# Conflicting opinions about repairs to old brick foundation



## elbee (Mar 5, 2009)

I have talked to 3 local people and have had 3 different answers, and am trying to find some more input or some clue to help me determine which way to go. I have an old, but not historic, home.

The problem is a circa 1850 (or earlier) foundation wall in need of repair. The three opinions are: 
1) it is absolutely necessary to analyze the mortar and use a precise mix to match or the bricks will be destroyed (contractor with experience in historic restoration). 
2) it is okay to use a pre-mixed mortar with additional lime added to soften it (mason who has been 'repairing walls like these for 30 years and never had a problem'). 
3) using pre-mixed from the store is fine. Anything else is a waste of time and money (retired contractor who is a friend--although this seems the least likely choice to me).

So, in trying to figure out what to do, I've done lots of reading. Most on-line and library materials discuss brick homes, not brick foundations. The focus on mortar analysis (opinion #1) seems to be more about what sand was used so that the coloring will match for historic restoration on brick homes as opposed to simply the proportions of lime/sand/cement (if any) in the mortar. The articles focus on appearance issues from not using the right sand mix, although they do stress not using mix with Portland Cement on old brick. Very little, if any, of this repair that needs done is external, so I am not concerned about finding the right sand for a color match. Does anyone know (or can point me to a resource) about mortar analysis in terms of getting the mix exact? How critical is it to get the mix of lime/sand/cement precisely the same as the old mortar?

There is discussion of the bricks being destroyed by using a mortar with portland cement, and I'm unclear if using a pre-mix with additional lime might result in a crumbling foundation in the future. (Is portland cement the only kind of cement used in mortar or are there multiple types?) The mason (opinion 2) thinks that brick destruction is more an issue with an external house wall that faces temperature extremes, not a foundation wall that is largely underground.

I would appreciate any additional information/insight anyone on this site might have.


----------



## handyguys (Mar 5, 2009)

I'm no expert on this, someone else may chime in. I think you have bits of truth from everyone mixed with bits of lore from everyone.

Bricks, if re-using old brick, can be destroyed by using modern mortar. My understanding as to why has to do with the hardness, and therefore the porosity, of both the brick and the mortar. Using hard, new mortar, with old, soft, bricks will cause mosture issues in teh old brick which will lead to spalling. This is especially true in climates with freeze thaw and when they are outside, exposed to the weather.

So, I think they ALL are right to some degree. The last guy can likely get away with regular stuff because its not exposed to weather extremes. The first guy is trying to be most respectful to the original formulation and his approach will work just fine but be costly.

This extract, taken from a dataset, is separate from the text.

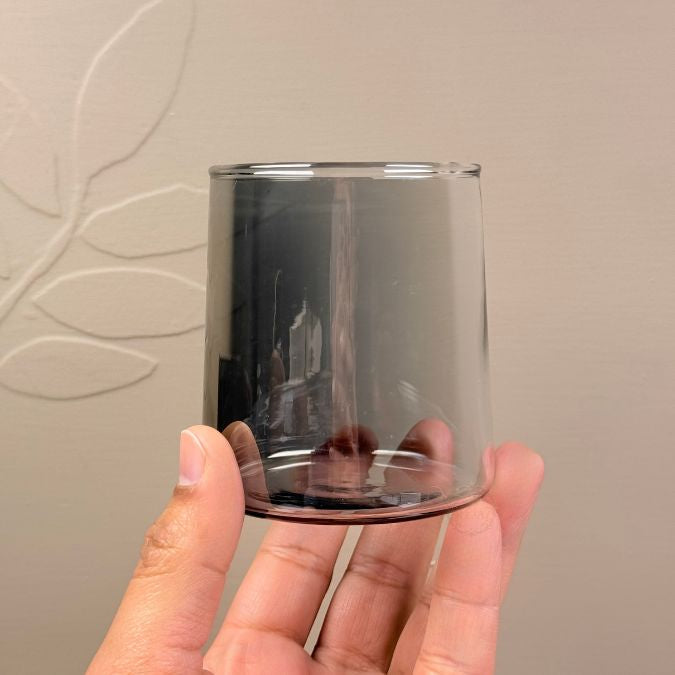 Premium Grey Tapered Glassware Set – 320ml Drinking Glasses Pack of 6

The middle guy will possibly come up with something similar to the first guy and his approach will work too because, again, its not exposed to the weather.

Since this is a foundation, inside, unseen - I think you could even consider just re-building it with cinder block, new brick or even concrete and avoid the whole thing about new wineskins and old wine.

I'm not a mason, nor have I played one on TV. I expect a more informed expert to chime in.


----------